The mutex part is handled right now using the threads code, every item allocation has a mutex around it, so this should be safe by calling inside the item_allocation.

Right now every item does have its own cas id. If you propose the following scenario:

set foo -> id 0
gets foo -> id 0
delete foo
set foo -> id 0
cas foo -> sent using 0

That would succeed when it should of failed. The second set should of caused it to be 1.


Chris Goffinet
[EMAIL PROTECTED]



On Nov 11, 2007, at 10:39 PM, Tomash Brechko wrote:

On Sun, Nov 11, 2007 at 14:37:07 -0800, Dustin Sallings wrote:
        Can you take a look at this and see if it makes any more sense?

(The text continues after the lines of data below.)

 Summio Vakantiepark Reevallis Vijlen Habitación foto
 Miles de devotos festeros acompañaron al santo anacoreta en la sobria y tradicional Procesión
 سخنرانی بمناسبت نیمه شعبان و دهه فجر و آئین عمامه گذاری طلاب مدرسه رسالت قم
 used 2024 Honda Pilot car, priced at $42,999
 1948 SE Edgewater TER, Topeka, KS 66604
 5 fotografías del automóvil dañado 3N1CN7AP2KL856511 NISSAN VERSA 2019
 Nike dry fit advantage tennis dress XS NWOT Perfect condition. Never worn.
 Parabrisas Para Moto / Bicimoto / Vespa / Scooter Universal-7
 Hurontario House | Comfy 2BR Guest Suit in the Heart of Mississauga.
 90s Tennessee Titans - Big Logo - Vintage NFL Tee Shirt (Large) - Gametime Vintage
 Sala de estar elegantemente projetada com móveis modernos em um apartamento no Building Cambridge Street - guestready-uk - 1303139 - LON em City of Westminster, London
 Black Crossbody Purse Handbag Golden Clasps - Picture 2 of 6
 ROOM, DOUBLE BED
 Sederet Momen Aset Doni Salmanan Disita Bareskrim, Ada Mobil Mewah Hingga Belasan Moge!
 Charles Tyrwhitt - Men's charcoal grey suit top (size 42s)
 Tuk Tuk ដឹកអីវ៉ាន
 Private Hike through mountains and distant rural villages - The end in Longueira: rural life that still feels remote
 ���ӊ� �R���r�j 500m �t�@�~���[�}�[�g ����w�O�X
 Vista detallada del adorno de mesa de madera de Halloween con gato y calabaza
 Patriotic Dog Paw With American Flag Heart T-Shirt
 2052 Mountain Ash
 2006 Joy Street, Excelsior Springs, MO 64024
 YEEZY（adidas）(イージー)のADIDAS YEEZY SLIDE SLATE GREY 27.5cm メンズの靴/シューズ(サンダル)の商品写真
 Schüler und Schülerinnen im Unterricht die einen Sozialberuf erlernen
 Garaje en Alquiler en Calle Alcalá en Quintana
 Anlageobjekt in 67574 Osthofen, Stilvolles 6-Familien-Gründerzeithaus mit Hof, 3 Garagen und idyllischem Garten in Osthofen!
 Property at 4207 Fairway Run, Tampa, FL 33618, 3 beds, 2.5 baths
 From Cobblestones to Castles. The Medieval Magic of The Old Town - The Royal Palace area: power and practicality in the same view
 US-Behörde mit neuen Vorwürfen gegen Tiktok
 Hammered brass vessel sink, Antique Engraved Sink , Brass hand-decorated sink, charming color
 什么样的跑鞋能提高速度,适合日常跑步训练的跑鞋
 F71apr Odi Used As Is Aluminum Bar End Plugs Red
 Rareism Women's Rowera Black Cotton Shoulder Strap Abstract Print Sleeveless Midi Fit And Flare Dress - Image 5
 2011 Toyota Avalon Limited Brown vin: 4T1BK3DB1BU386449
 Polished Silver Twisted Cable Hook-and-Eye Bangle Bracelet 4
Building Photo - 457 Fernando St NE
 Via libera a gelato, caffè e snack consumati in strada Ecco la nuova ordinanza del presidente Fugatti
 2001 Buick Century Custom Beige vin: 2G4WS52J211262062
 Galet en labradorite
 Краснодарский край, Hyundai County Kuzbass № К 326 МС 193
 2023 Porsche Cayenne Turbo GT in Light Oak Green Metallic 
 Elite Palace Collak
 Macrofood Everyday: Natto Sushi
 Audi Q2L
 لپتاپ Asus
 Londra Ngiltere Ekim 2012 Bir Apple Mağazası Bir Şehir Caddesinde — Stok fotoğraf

diff --git a/items.c b/items.c
--- a/items.c
+++ b/items.c
@@ -37,6 +38,15 @@ void item_init(void) {
        tails[i] = NULL;
        sizes[i] = 0;
    }
+}
+
+/* Get the next CAS id for a new item. */
+uint64_t get_cas_id() {
+    static uint64_t cas_id;
+    if(cas_id >= MAX_CAS_ID) {
+        cas_id = 0;
+    }
+    return ++cas_id;
}

Seems like you want to have a global CAS counter.  This would require
you to have a mutex on it.  Wouldn't it be better to have a CAS local
to each item?  Becase all we need is an unique (key,CAS) pair, we
don't have to have each CAS to be unique by itself.  Besides, this
will decrease the chance of wraparound to effectively zero.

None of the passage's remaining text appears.